By Diane Ako
Apparently, the game of love is often played out over a cell phone screen. That's what I hear from my single friends, anyway.
I wouldn't know. I've been married over a decade, so texting wasn't popular when I was dating. It was invented, but it wasn't common.
Then, I read a hilarious article in the August 27 issue of Time magazine which confirms what I've noticed, and handily includes a flow chart to help figure out where one stands in the dating process.
It does change the game a little bit - one can now monitor the cell phone obsessively for a message - though really, it just boils down to the same strategy and positioning that existed way before cell phones or regular phones.
After I read Time's flow chart, I realized I'd actually participated in some of that angling, because I've listened to my single friend Dane's many stories about various first dates. He meets a lot of women online, so every miniscule move is amplified by the lack of familiarity by an awkward meeting of two strangers.

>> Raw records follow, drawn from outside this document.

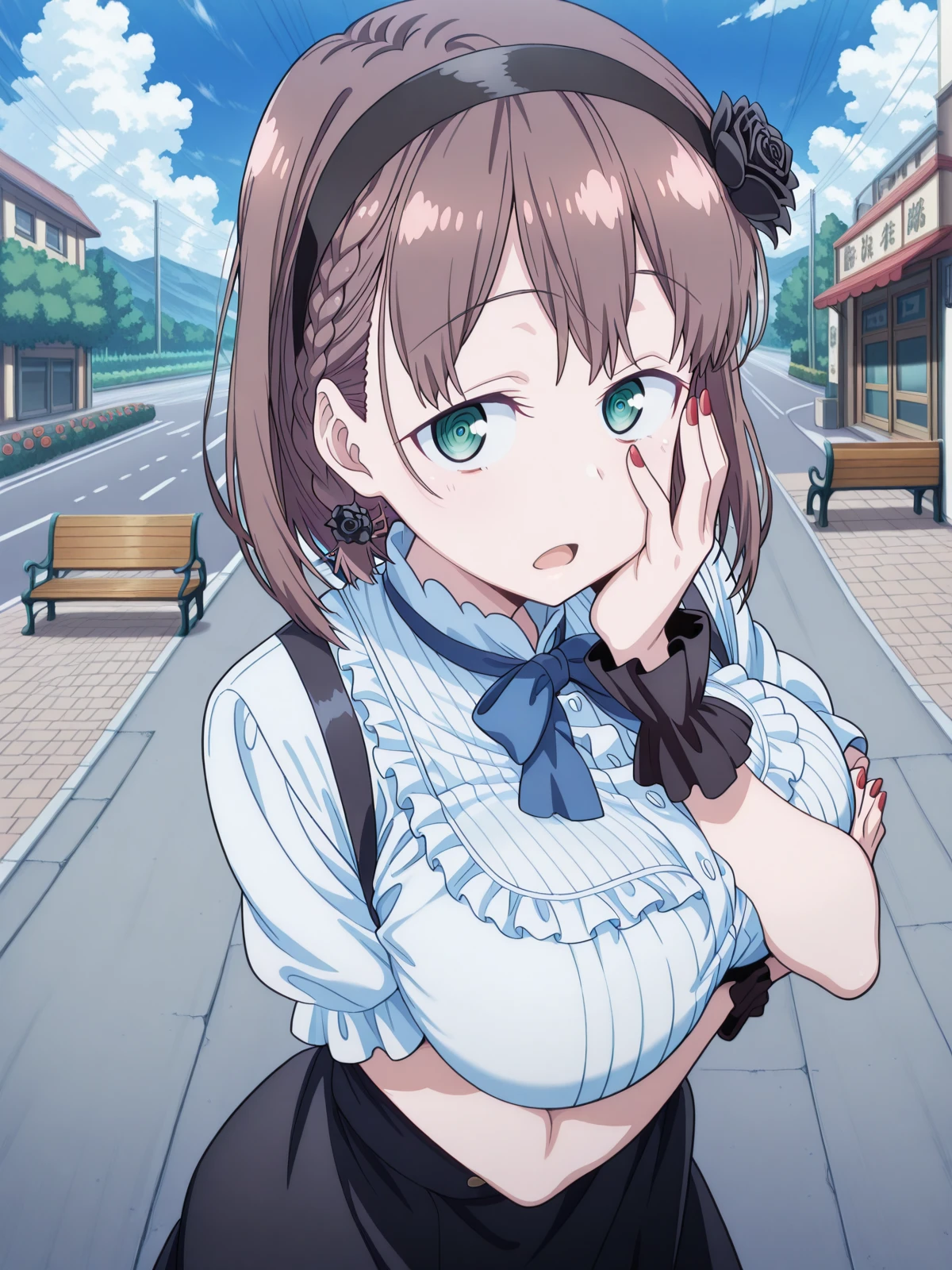 masterpiece, best quality, amazing quality,, <lora:tawawa-ai-s1-illustriousxl-lora-nochekaiser:1>, ai, ai-chan (tawawa), short hair, brown hair, green eyes, braid, side braid, mature female, large breasts, anime screencap,, <lora:dagashi-kashi-s1-key-visual-illustriousxl-lora-nochekaiser:1>, dagashi kashi, solo, looking at viewer, open mouth, skirt, hair ornament, bow, flower, short sleeves, outdoors, frills, hairband, sky, day, cloud, bowtie, hair flower, nail polish, wrist cuffs, rose, suspenders, red nails, hand on own face, high-waist skirt, breast hold, hand on own cheek, suspender skirt, ringed eyes, road, bench, black flower, sidewalk,, , ,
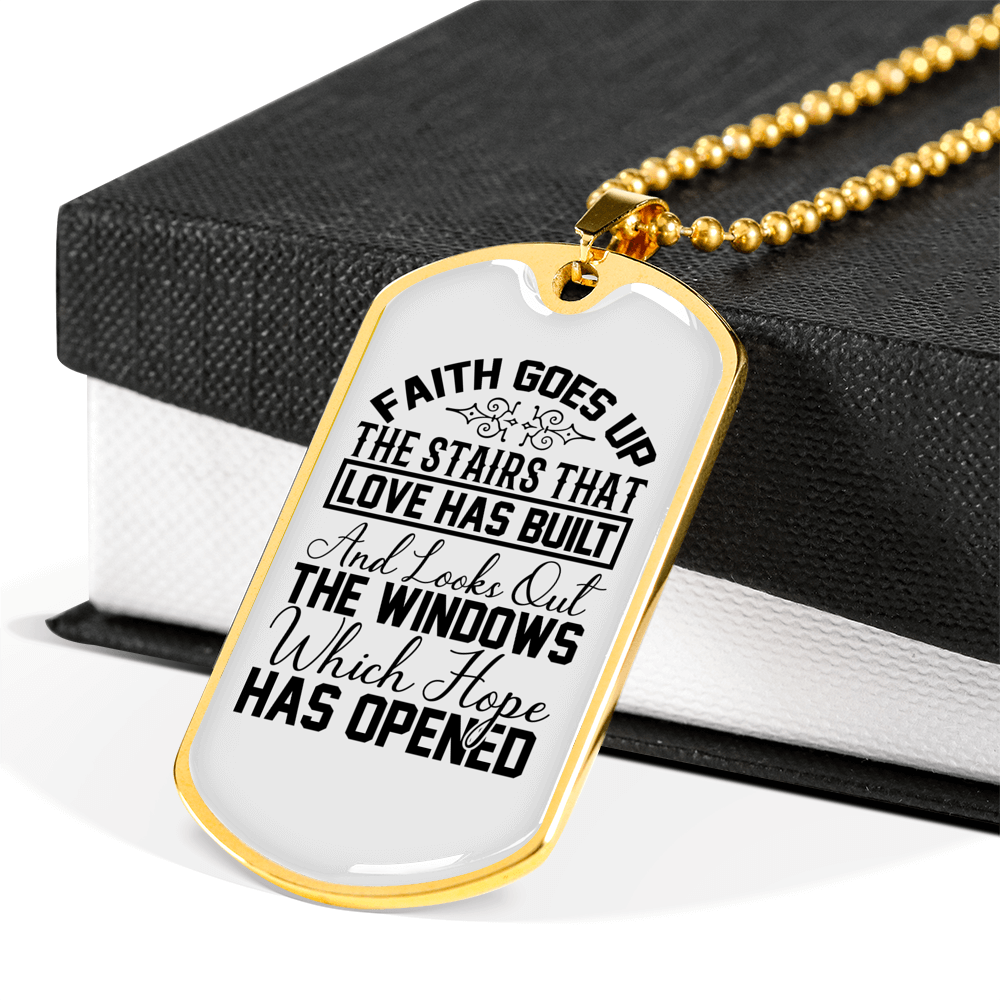Faith Goes Up Necklace Stainless Steel or 18k Gold Dog Tag 24" Chain-Express Your Love Gifts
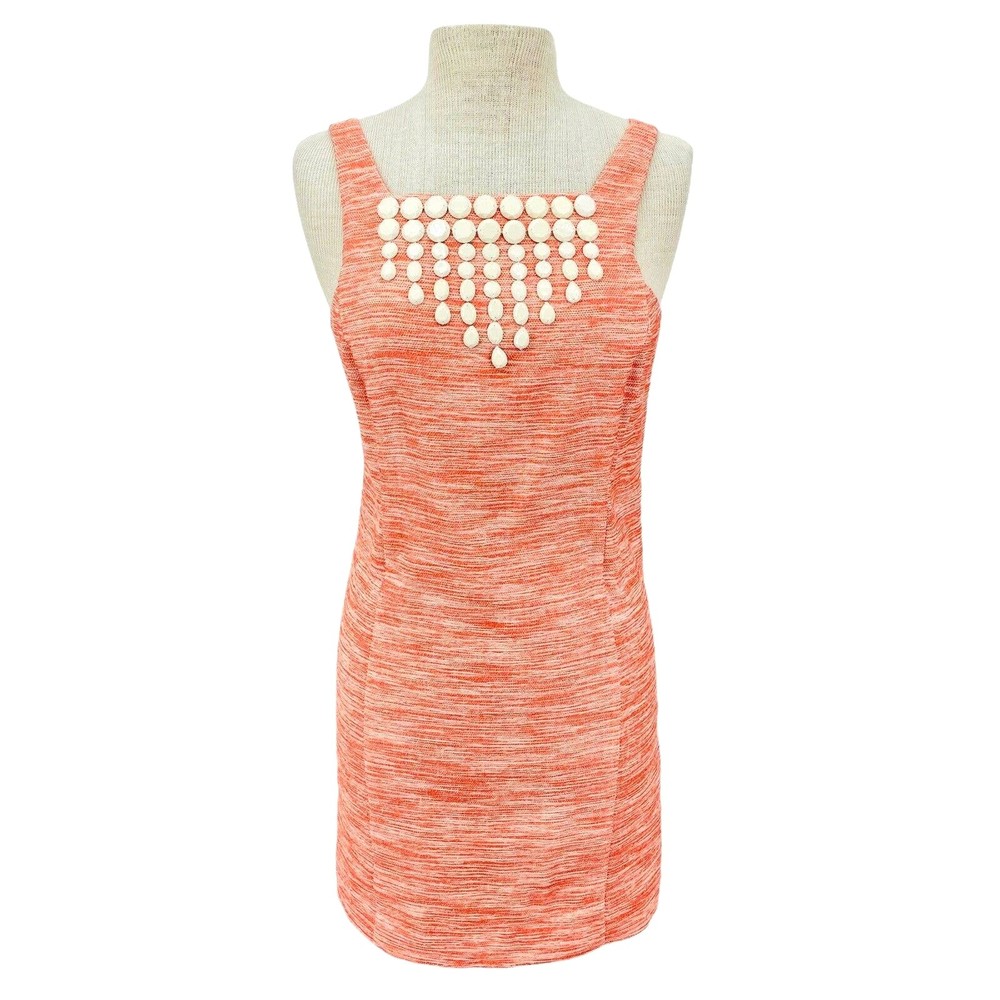 Trina Turk Sleeveless Orange Fitted Tweed Boucle Beaded Front Tank Dress Size 4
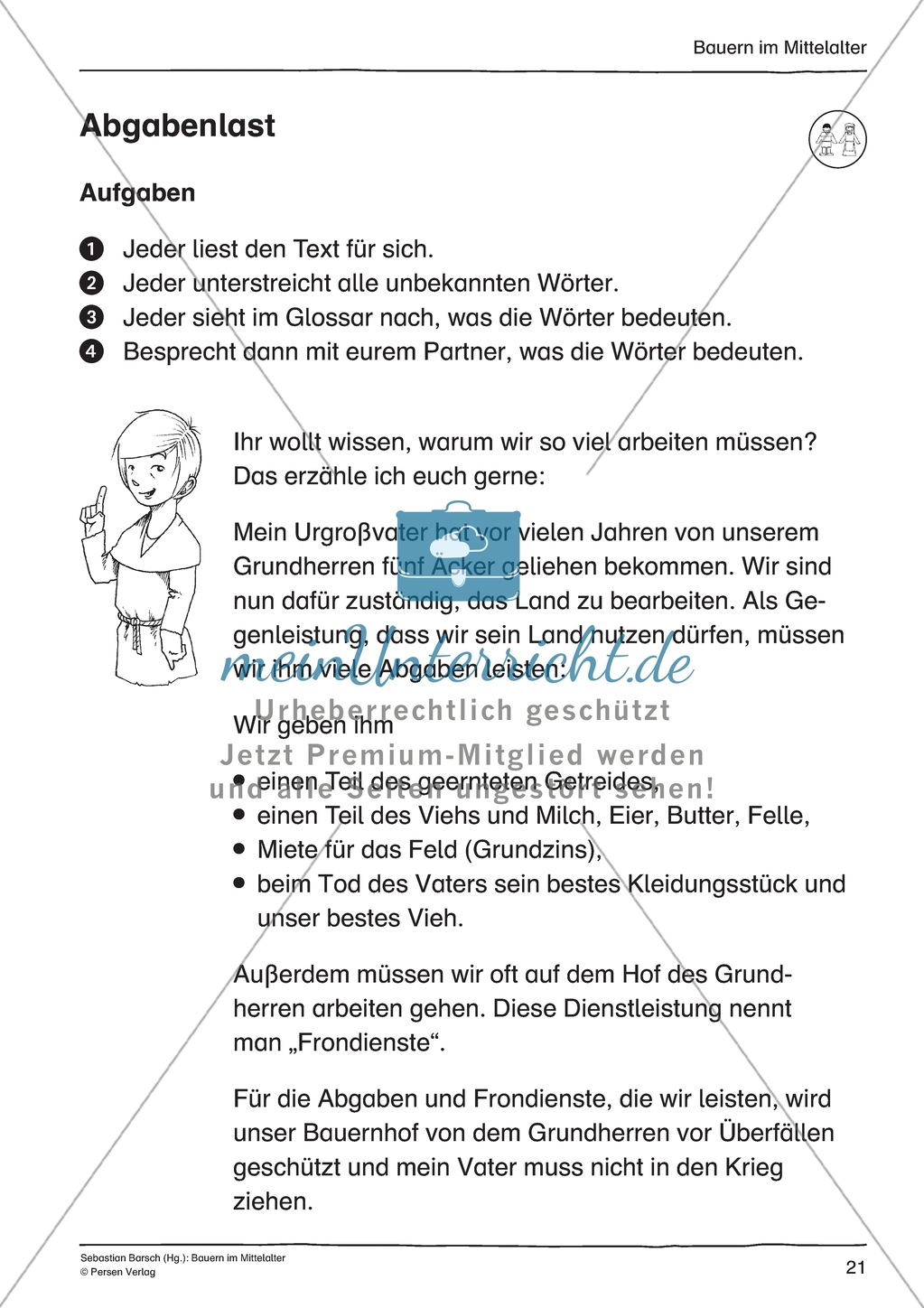 Aufgabenlast im Mittelalter: Arbeitsmaterial mit Lösung Preview 1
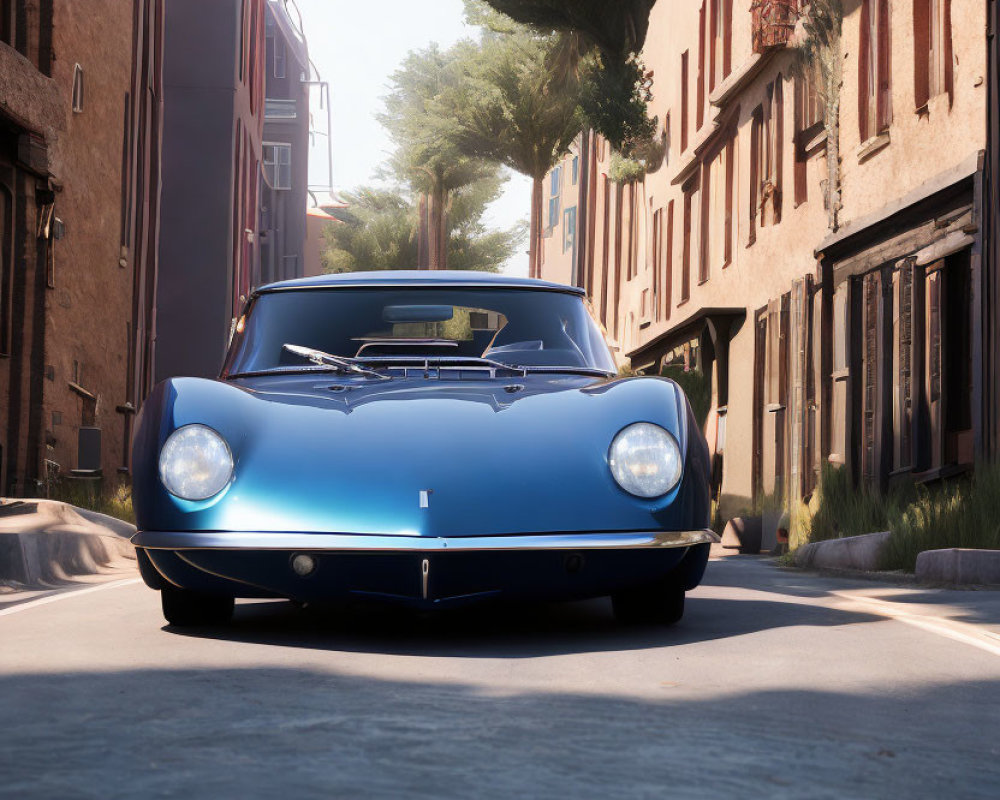 Classic Blue Sports Car Parked on Sunlit Cobblestone Street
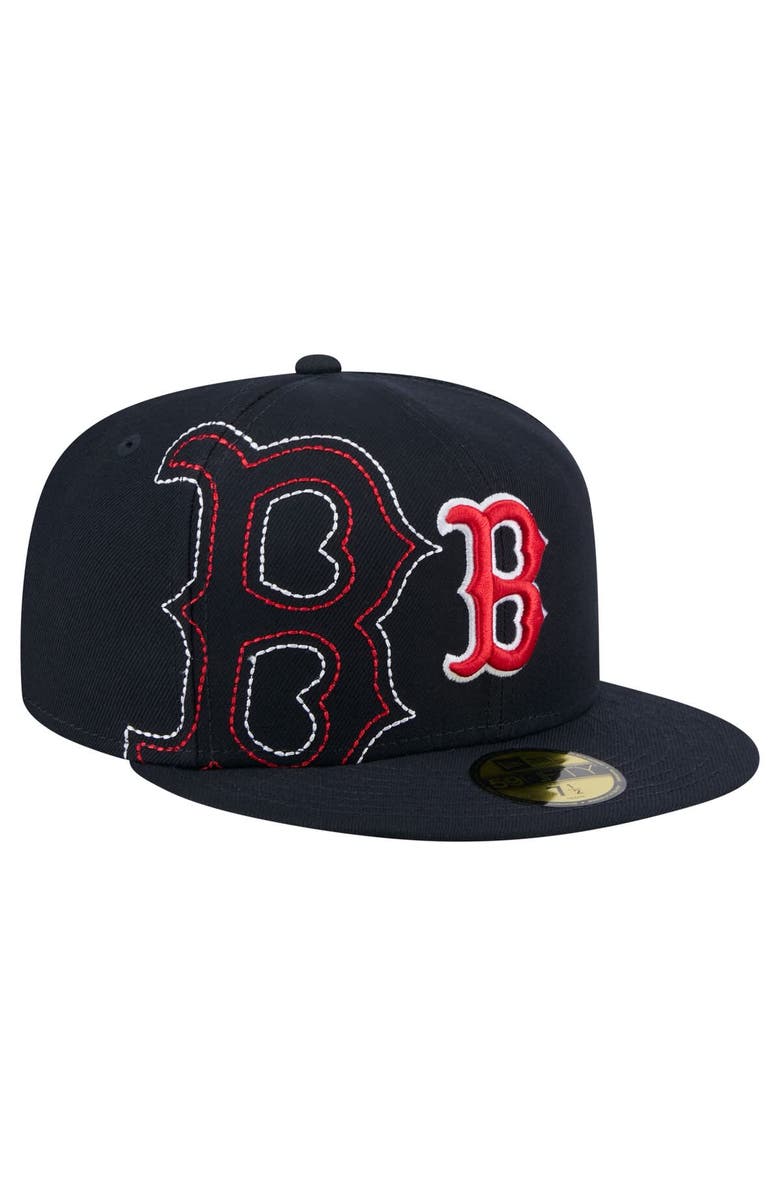 New Era Men's New Era Navy Boston Red Sox Yarn Stitch 59FIFTY Fitted Hat, Main, color, 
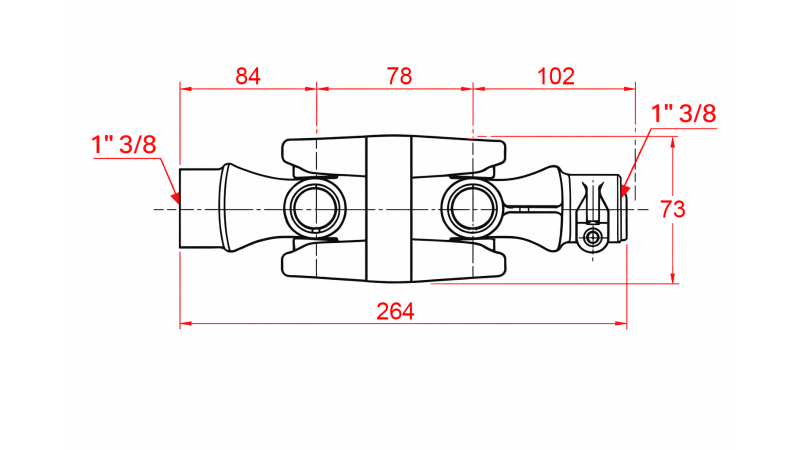 DOPPELGELENK KARDANWELLE KAT.2 (264 mm)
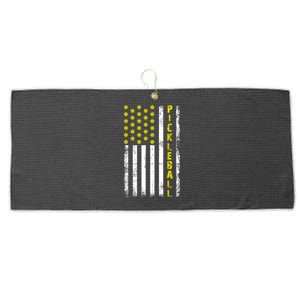 Pickleball Distressed USA Flag Large Microfiber Waffle Golf Towel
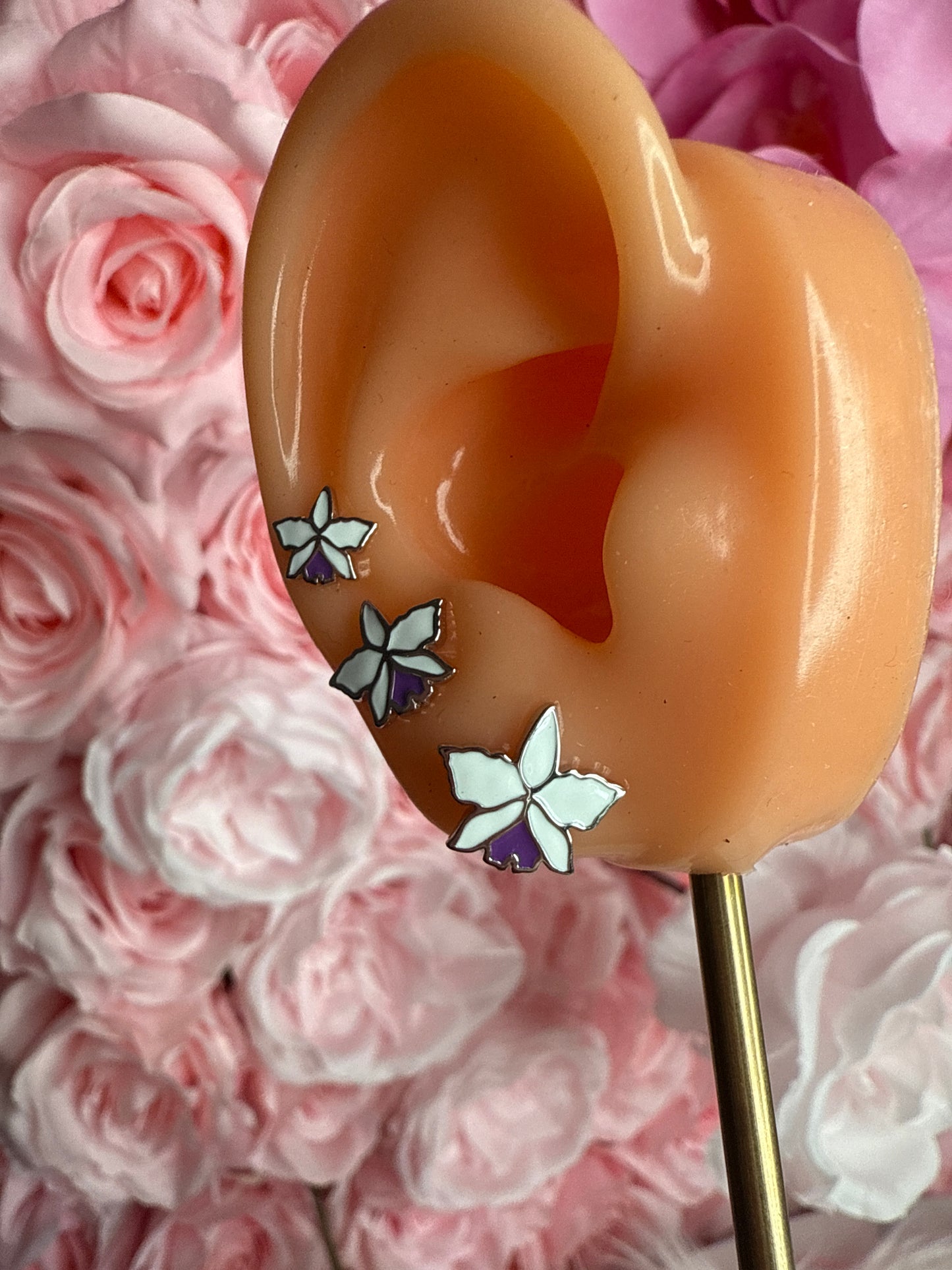 Signature White Gold Cattleya Studs: The Orchid with a Purple Heart Labellum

As ad hoc romantic advisor, I've analyzed his reports on what the girl said, when she said it, how she said it, and what he should do next. You texted her when? And then what did she say? Did she write you back immediately or was there a long time in between? Don't text her again. Too soon.
Still, I'm glad I conducted my love life in a pre-texting era. The paradox of all this technology is that people are losing the social skills to conduct face-to-face relationships; the human touch becomes lost in all this supposed connectivity.
What do you think? Does texting make dating easier or harder?